Freddy Monares So what's he found about where these UFO sightings happen and who's filing these reports?
Edward O'Brien Well, here's what Eghigian had to say.
"Most sightings probably come from urban areas, and maybe that's not a surprise since there's a lot more people in cities. All the evidence indicates that people who report UFOs and people who show an interest in studying UFOs are actually more highly educated than the averages in the population in general."
Edward O'Brien He says Cold War-era technological and weapon advances combined with mounting political tensions ultimately helped spur military interest in those early reports of flying saucers, back in the time of sightings like the Mariana incident in Great Falls. He says Air Force brass feared someone was developing or deploying secret weapons.
"And then, of course, it drew the attention of buffs who were really caught up in all of this".
Freddy Monares All of this sounds really familiar.
Edward O'Brien Right? It sounds a lot like what's unfolding before our eyes today. It's also leading to a resurgence of civilian interest in these cases.
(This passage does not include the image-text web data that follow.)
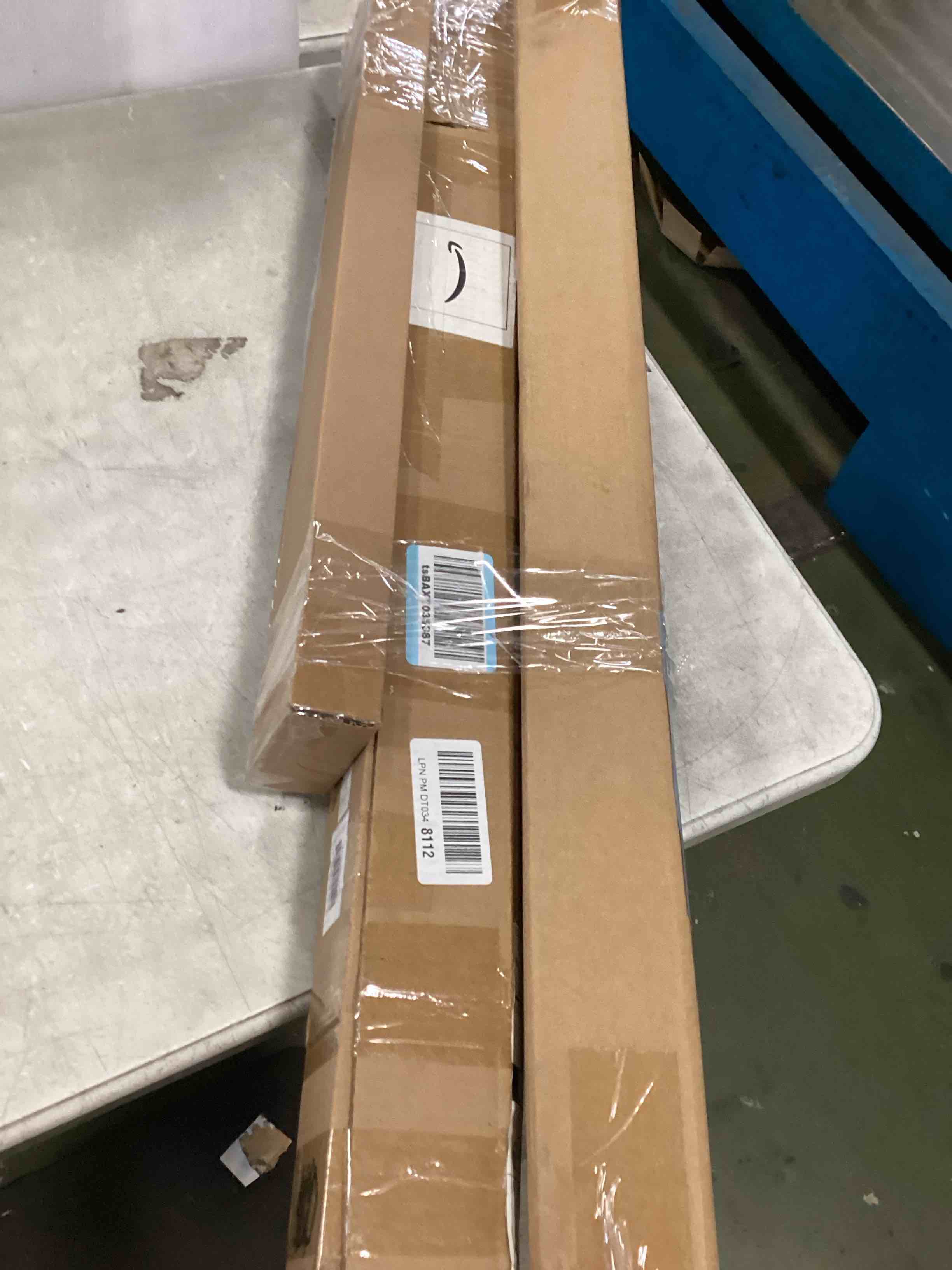 https://s3.amazonaws.com/lotting-images-prod/bidfta/PNK3277884_1753537081703.jpeg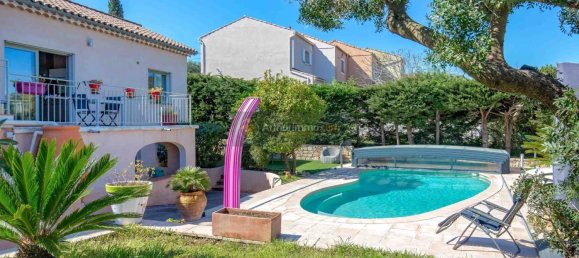 4 bedrooms Villa in Frejus, France No. 356722 20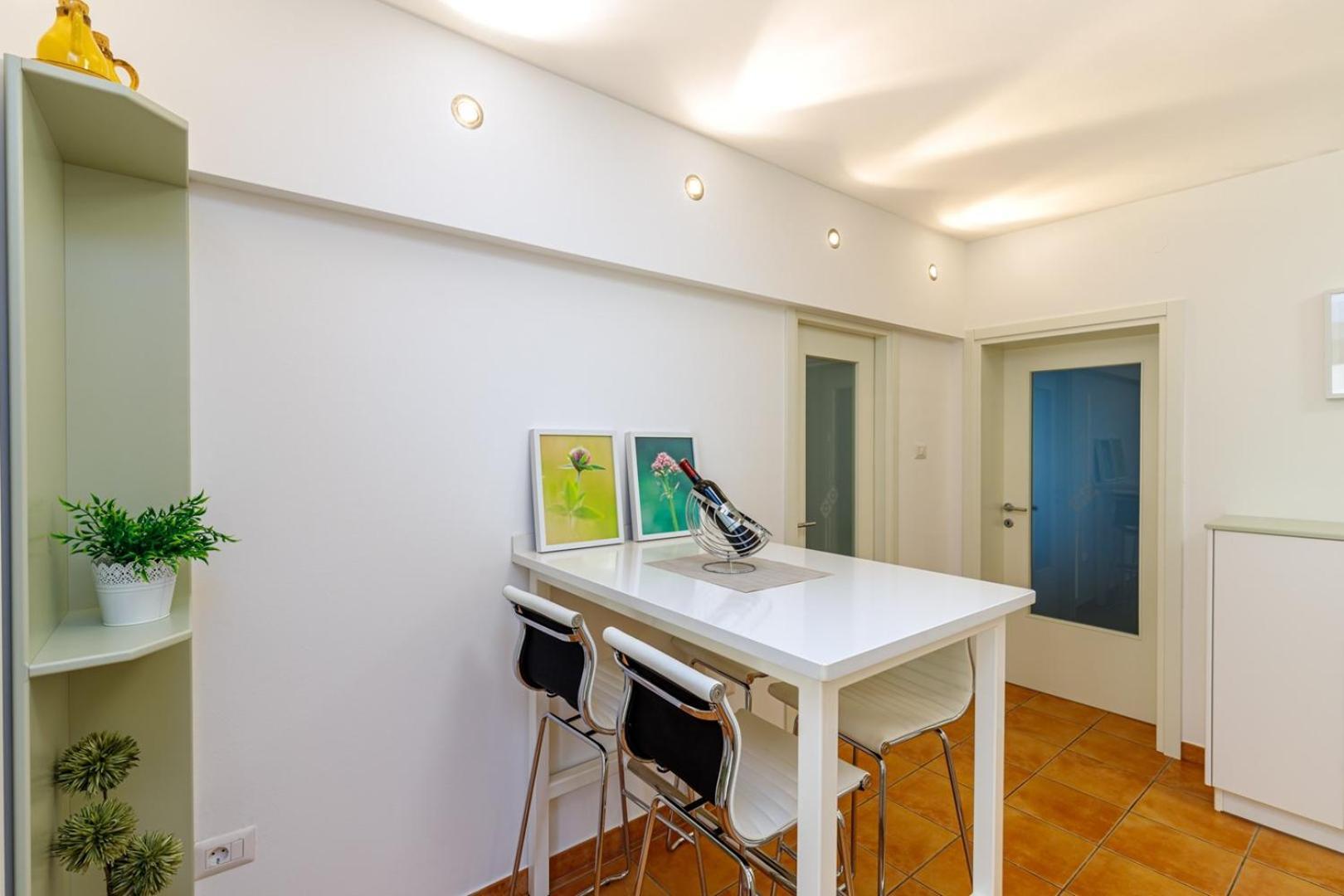 Apartments Lavizatic Porec Room photo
Professor Eghigian says that fandom cratered by the '90s, partly due to the emergence of the internet.
"A lot of veteran ufologists feel like it made people more passive. People would just be like, 'Well, I'll just read this stuff online and that's enough for me,' and makes a few comments on a blog somewhere."
Edward O'Brien But he says that's changing in a big way. People are again interested in what he calls the nuts and bolts of these machines — what they are, where they come from, and who's flying them. The renewed interest in UFOs is partly fear-driven. Are these Chinese or Russian spy devices? Could hostile extraterrestrial life actually be probing our planet and defense infrastructure? But Professor Eghigian sees another, more optimistic motivation.
"That if these, in fact, are extraterrestrials at work, it shows the genius of intelligence and what people are capable of when they put their mind to it. A kind of technological futurism that a lot of people look at and see as a sign of potential salvation, a way to escape all of these problems."
Edward O'Brien Sheila Rieger counts herself among those who truly draw inspiration from the idea of alien visitors. She sat in on Joan Bird's recent UFO lecture at the Butte Public Library.
"I think we've been visited. Yeah. There's too many sightings, I think, for it not to be."
Edward O'Brien O'Brien: "Does that thought excite you, or does it make you a little nervous?".
"Excited, because there could be something better out there than what we have."
Freddy Monares Now we want to know what makes you curious about Montana. In our next episode, we'll hear our first listener-submitted question. Send us your questions at https://www.mtpr.org/bigwhy, and find us wherever you listen to podcasts.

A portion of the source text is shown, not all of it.